Common Path Patterns
Detects directory patterns frequently accessed.
Example:
/ifs/data/backups/*
/ifs/system/tmp/*
These patterns help define safe directory-level exceptions.
Whitelist Suggestions
Based on aggregated behavior the tool suggests candidate entries such as:
- service accounts
- recurring directory paths
- automation file patterns
These suggestions must be reviewed by administrators before implementation.
Organized Summary
A consolidated report showing:
- user activity clusters
- service accounts
- file extension trends
- path analysis
Average Events per Day
Provides a timeline showing activity trends.
Useful for identifying:
- spikes
- scheduled automation windows
- unusual bursts
Path Breakdown
Breaks activity by filesystem location.
Exporting Reports
The tool supports exporting results to:
- PDF: For audit documentation.
- HTML: For internal sharing or analysis.
Security Considerations
Secrets Management
The .env file contains sensitive information.
Never store it in source control.
File Access Restrictions
The application restricts filesystem reads to allowed directories defined in:
LOCAL_ALLOWED_PATHS
Network Exposure
The service runs on port 4000 and should only be accessible internally.
Recommended protections:
- firewall restrictions
- internal network access only
- VPN access if remote
Dependency Security
Node dependencies should be monitored regularly.

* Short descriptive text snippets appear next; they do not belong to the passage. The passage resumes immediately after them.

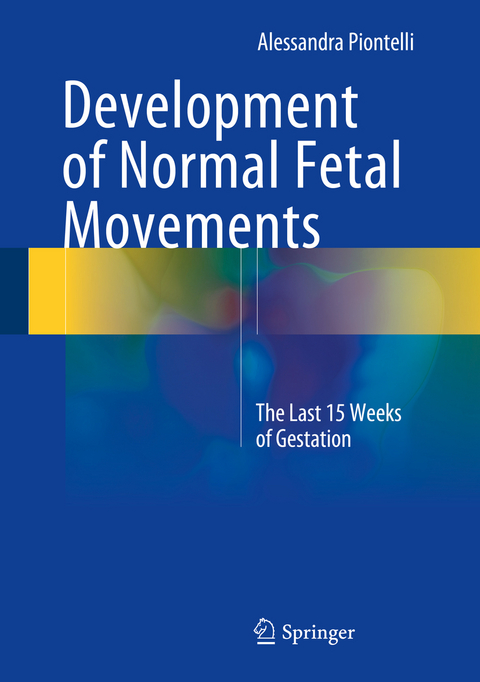 Development of Normal Fetal Movements -  Alessandra Piontelli
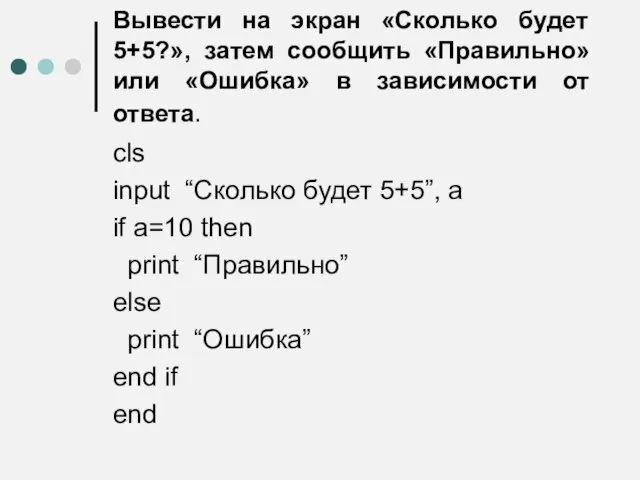 Вывести на экран «Сколько будет 5+5?», затем сообщить «Правильно» или «Ошибка»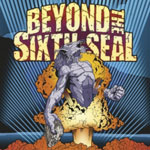 Beyond The Sixth Seal: The Resurrection Of Everything Tough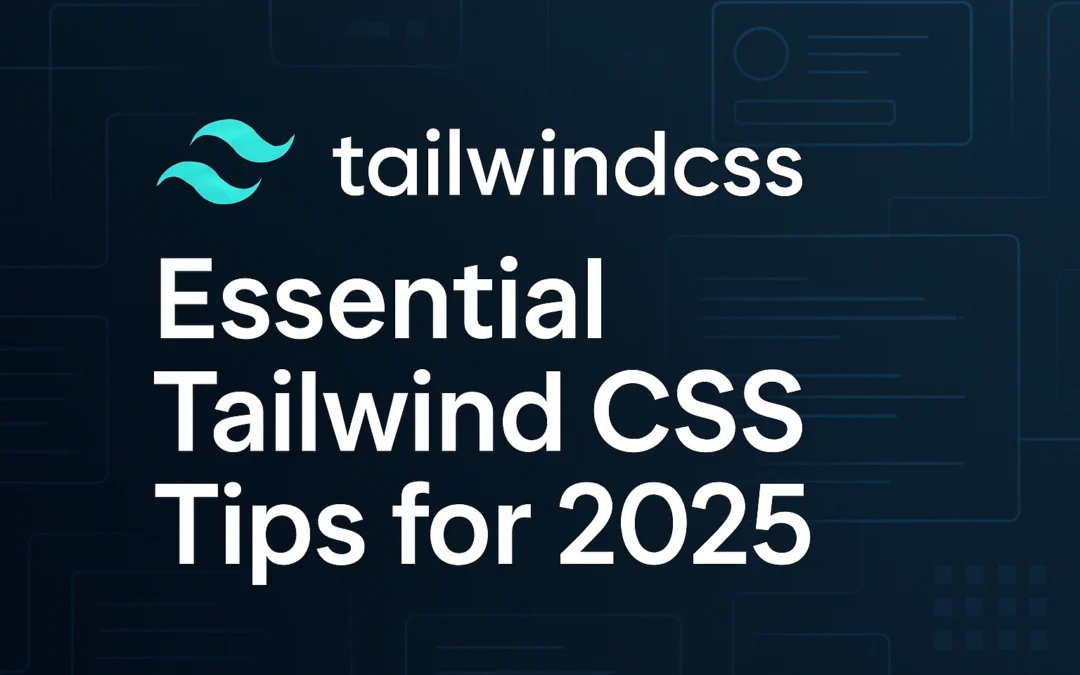 Essential Tailwind CSS Tips for 2025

Check vulnerabilities using:
npm audit
Initial analysis shows:
0 vulnerabilities detected
Air-Gapped Environments
For environments without internet access:
- host front-end libraries locally
- disable AI analysis
Local copies required for:
- Bootstrap
- jQuery
- Chart.js
- jsPDF
- Font Awesome
Troubleshooting
Service Not Running
Check:
systemctl status whitelist-tool
Port Not Accessible
Verify firewall:
firewall-cmd --list-ports
Dependency Issues
Reinstall packages:
npm install
CSV Not Loading
Check permissions for:
/opt/data/log_reports
Logs
Review logs:
/var/log/whitelist-tool.out.log
/var/log/whitelist-tool.err.log
Future Advised Improvements
Potential enhancements include:
- direct integration with Eyeglass threat detection
- automatic whitelist generation
- scheduled analysis
- anomaly detection
- deeper AI behavioral analysis
- cluster comparison reports
- automated ransomware false-positive reduction
Maintenance
Regular maintenance tasks:
| Task | Frequency |
|---|---|
| npm audit | quarterly |
| dependency updates | quarterly |
| service log review | monthly |
| whitelist rule validation | quarterly |
Ownership
Tool originally developed by Valentin internally for Eyeglass threat analysis.
Maintained as part of internal security analysis tooling.